In this case you really want the version that has '[ 0 .. 255 ] = -1,',
everything else is unreadable and difficult to easily verify.
>
> > > > I believe there is a better way to do what you want. Let me cook a PoC.
> > >
> > > I tried locally several approaches and the best I can come up with is the pre-generated
> > > (via Python script) pieces of C code that we can copy'n'paste instead of that shortened
> > > form. So basically having a full 256 tables in the code is my suggestion to fix the build
> > > issue. Alternatively we can generate that at run-time (on the first run) in
> > > the similar way how prime_numbers.c does. The downside of such an approach is loosing
> > > the const specifier, which I consider kinda important.
> > >
> > > Btw, in the future here might be also the side-channel attack concerns appear, which would
> > > require to reconsider the whole algo to get it constant-time execution.
> >
> > The array lookup version is 'reasonably' time constant.
>
> The array doesn't fit the cacheline.
Ignoring all the error characters it is 2 (64 byte) cache lines (if aligned
on a 32 byte boundary).
They'll both be resident for any sane input, I doubt an attacker can determine
when the second one is loaded.
In any case you can load both at the start just to make sure.
>
> > One option is to offset all the array entries by 1 and subtract 1 after reading the entry.
>
> Yes, I was thinking of it, but found a bit weird.
>
> > That means that the 'error' characters have zero in the array (not -1).

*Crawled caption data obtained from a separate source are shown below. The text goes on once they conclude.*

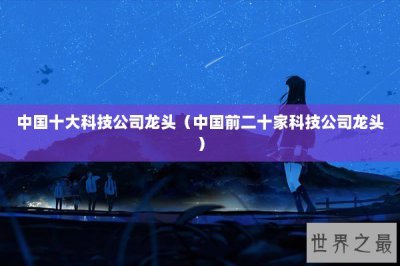 ​中国十大科技公司龙头（中国前二十家科技公司龙头）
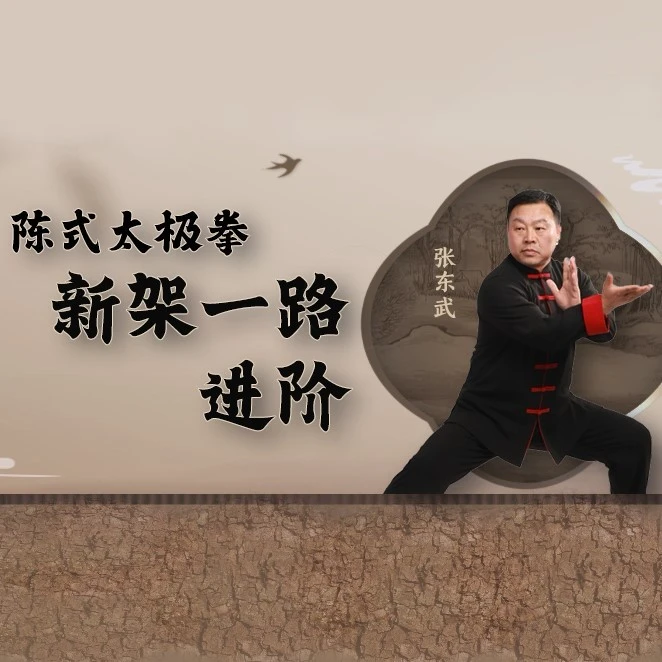 张东武·陈式太极拳新架一路进阶课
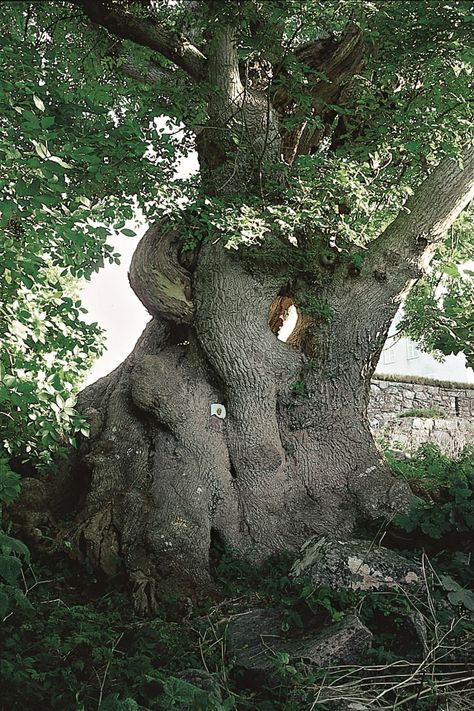 Ash Tree Aesthetic, The Island Of Missing Trees Aesthetic, Nanowrimo 2023, Stone Forest, Map Ideas, Hollow Tree, Painting References, Ash Tree, Art Study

> > At least the compiler won't error that!
> > The extra 'subtract 1' is probably just measurable.
>
> > But I'd consider raising a bug on gcc :-)
>
> And clang? :-)
clang is probably easier to get fixed.
The warning can be disabled for 'old' compilers - only one build 'tool'
needs to detect errors.
One solution is to disable the warnings in the compilers, but get sparse
(which I think is easier to change?) to do a sane check that allows
the entire array to default to non-zero while still checking for
other errors.
> > One of the uses of ranged designated initialisers for arrays is to change the
> > default value - as been done here.
> > It shouldn't cause a warning.
>
> This is prone to mistakes when it's not the default rewrite. I fixed already
> twice such an issue in drivers/hid in the past few months.
I was thinking that if the first initialiser is [ low ... high ] = value
then it should be valid to change any value.
I'm not sure what you fixed, clearly [ 4 ] = 5, [ 4 ] = 6, is an error,
but it might be sane to allow any update of a 'range' initialiser.